• _WORK INSTRUCTION_
Could you transcribe the entries below exactly, starting at the line that contains "Засіб проти кротів (карбід кальцію) 3 кг" and stopping at the last line, without any pictures?

Web page caption snippets
····················

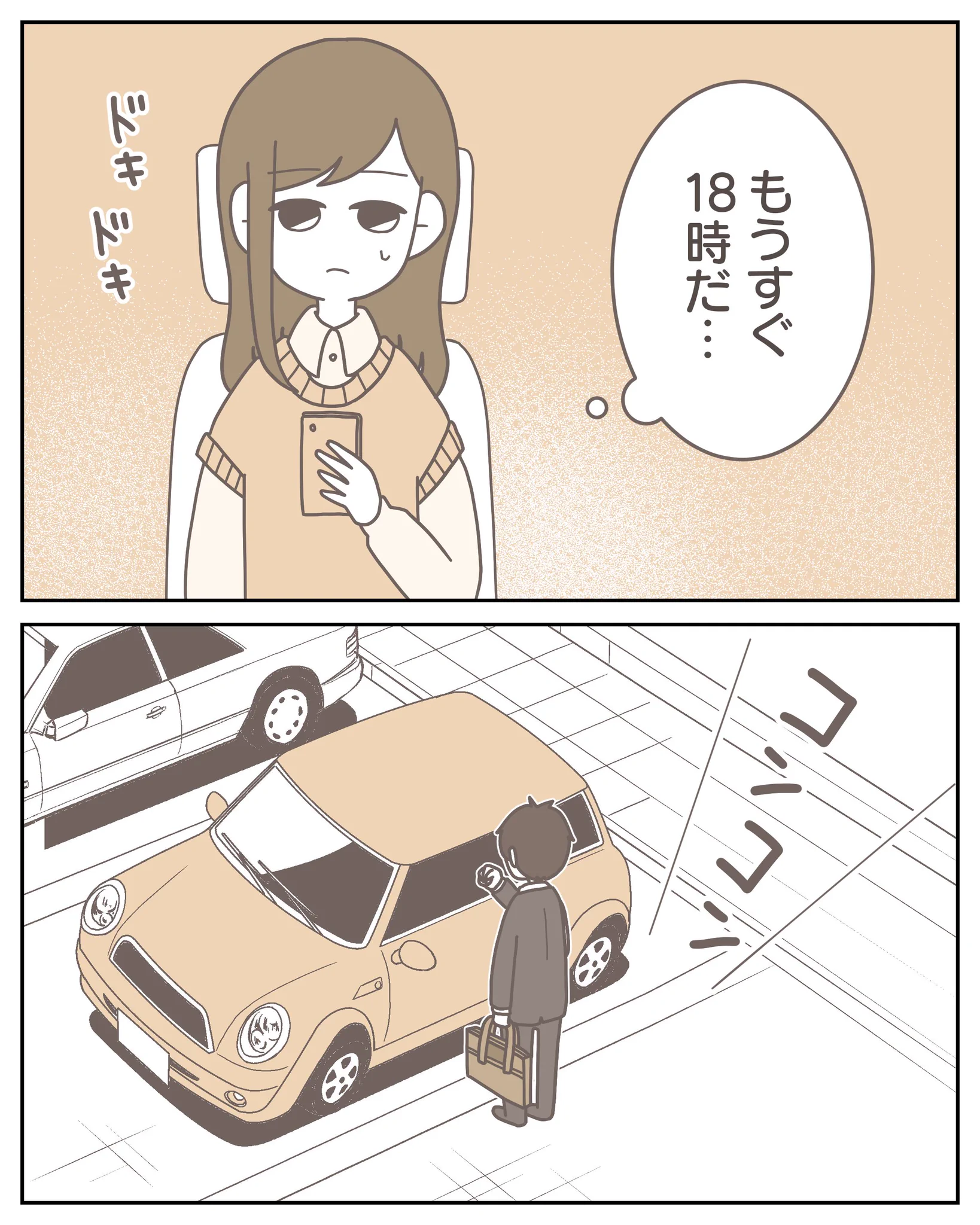3cha（みちゃ） on X: 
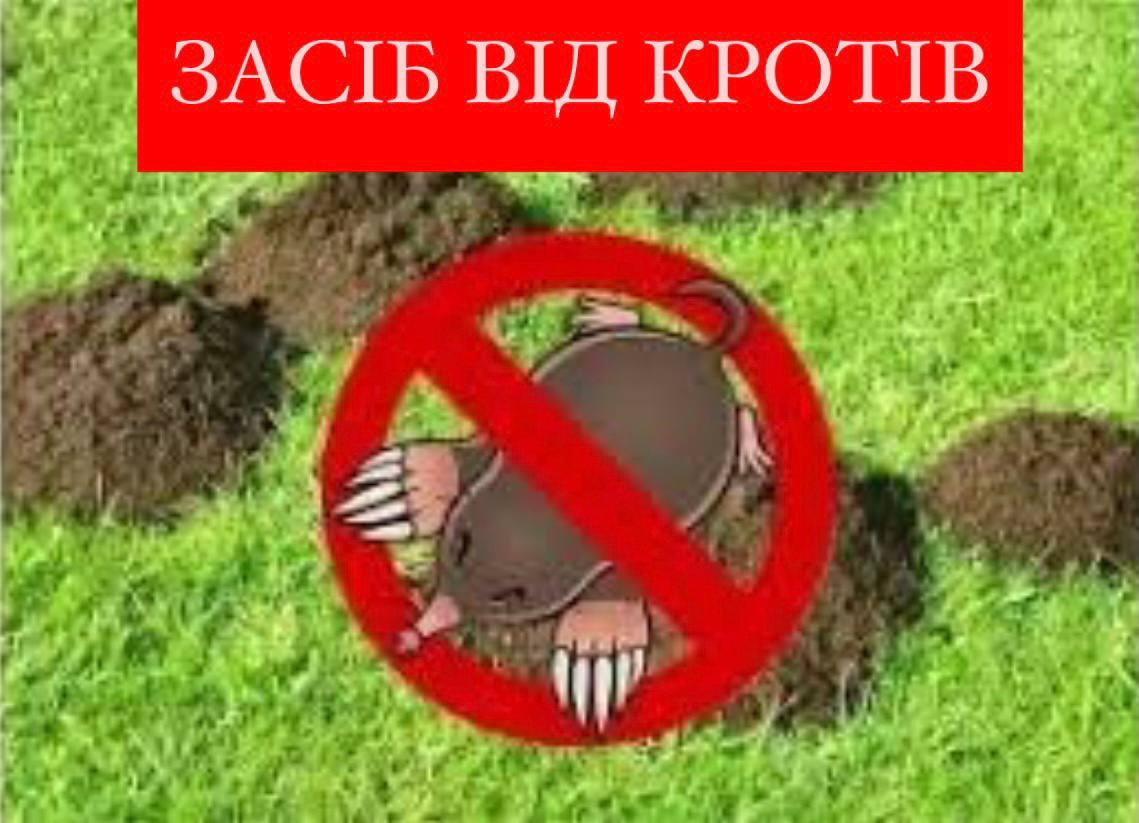 Засіб проти кротів (карбід кальцію) 3 кг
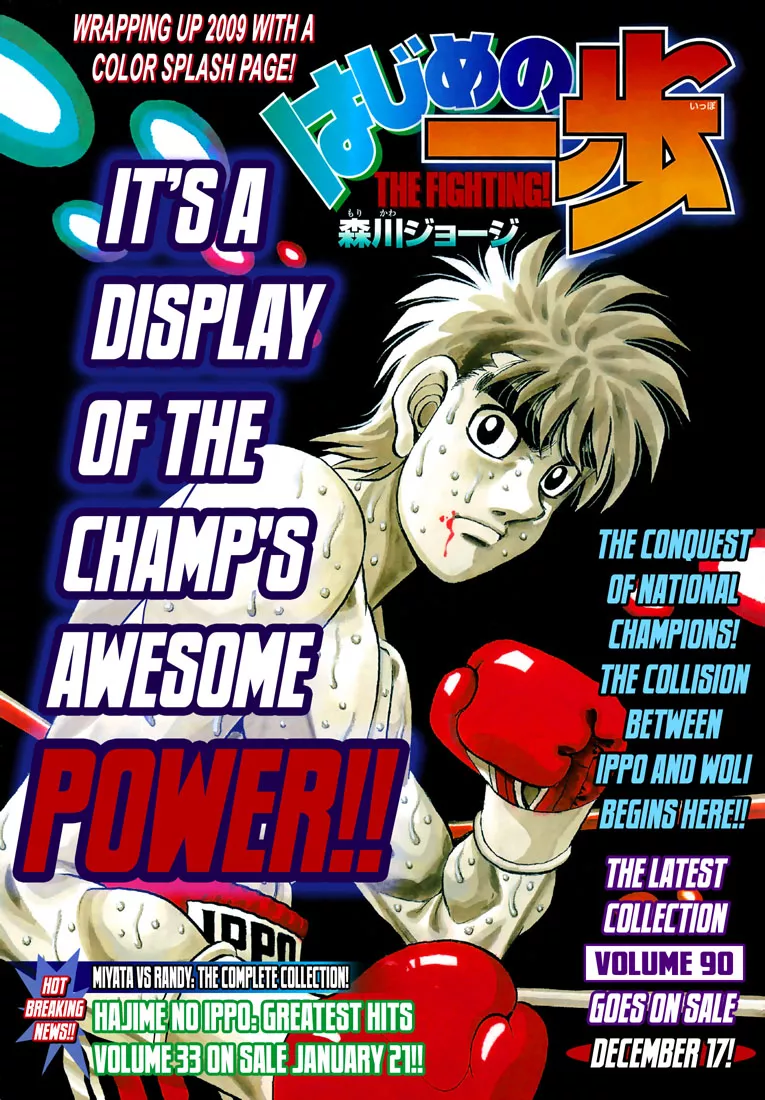 Read Hajime no Ippo Chapter 877 - The Corner is where He´s Most Effective Online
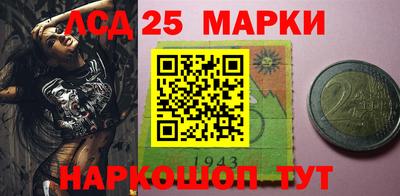 Альфа ПВП Будённовск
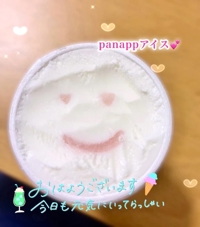 おはようございます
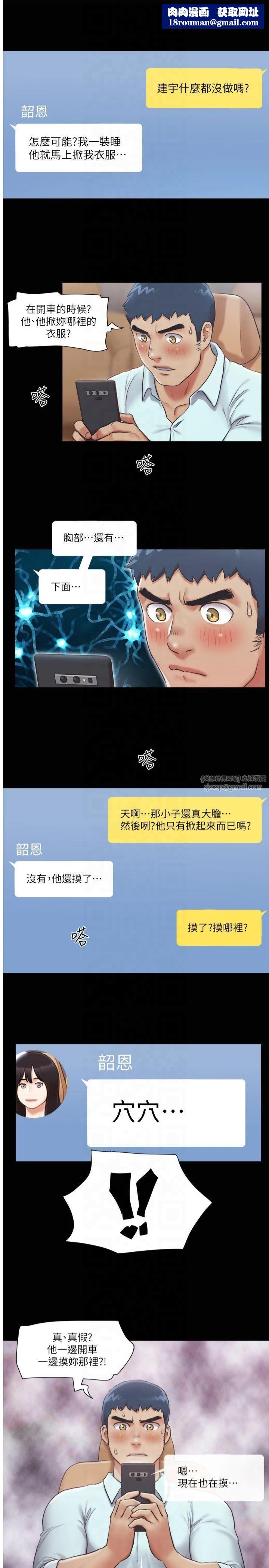 协议换爱(无码版)第91話-粗魯地對待我!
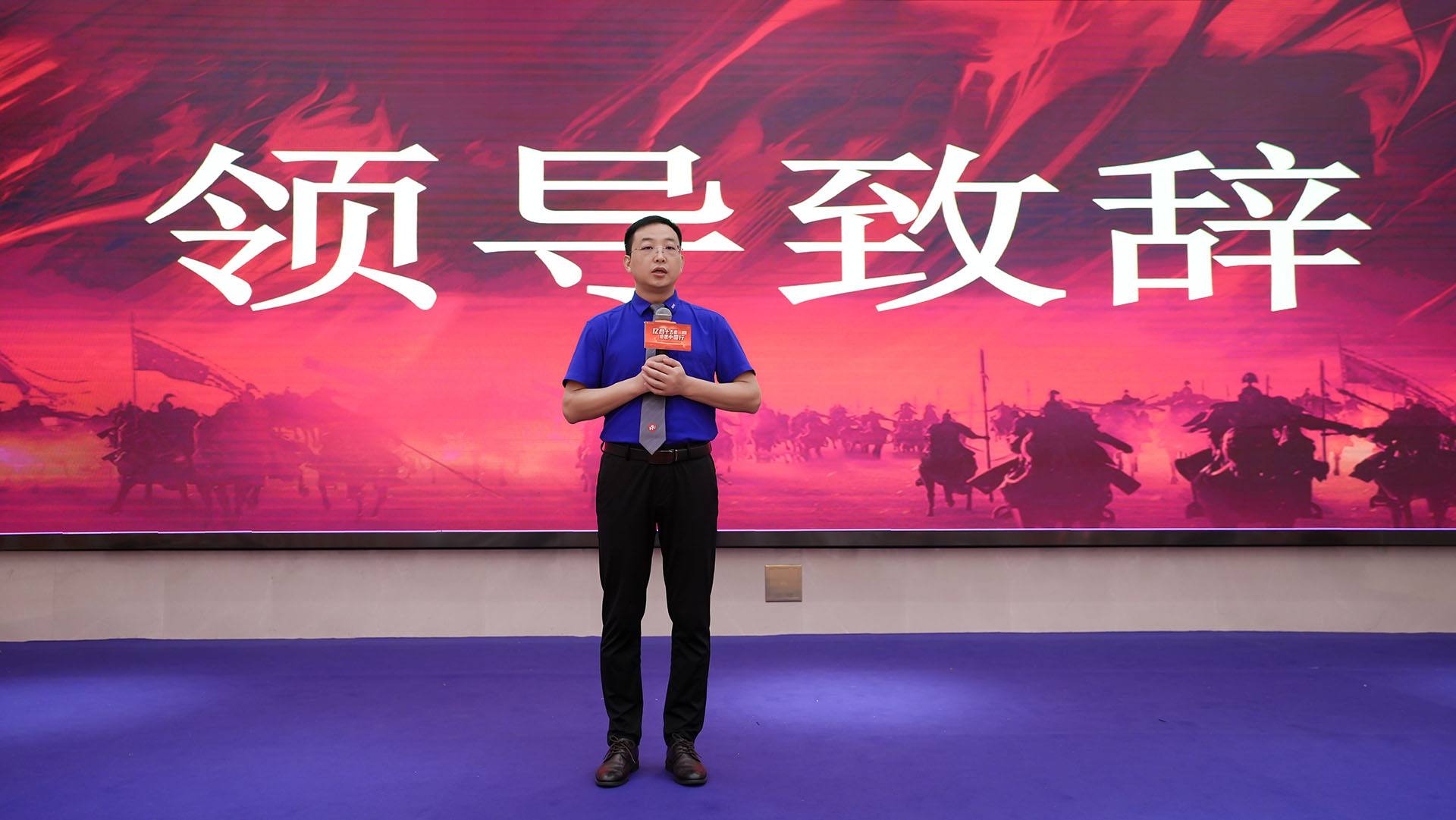 億合十五載 感恩中國行 | 九月大促火熱進行中！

····················

• _RESULT OF THE EXERCISE_
 Засіб проти кротів (карбід кальцію) 3 кг
 Read Hajime no Ippo Chapter 877 - The Corner is where He´s Most Effective Online
 Альфа ПВП Будённовск
 おはようございます
 协议换爱(无码版)第91話-粗魯地對待我!
 億合十五載 感恩中國行 | 九月大促火熱進行中！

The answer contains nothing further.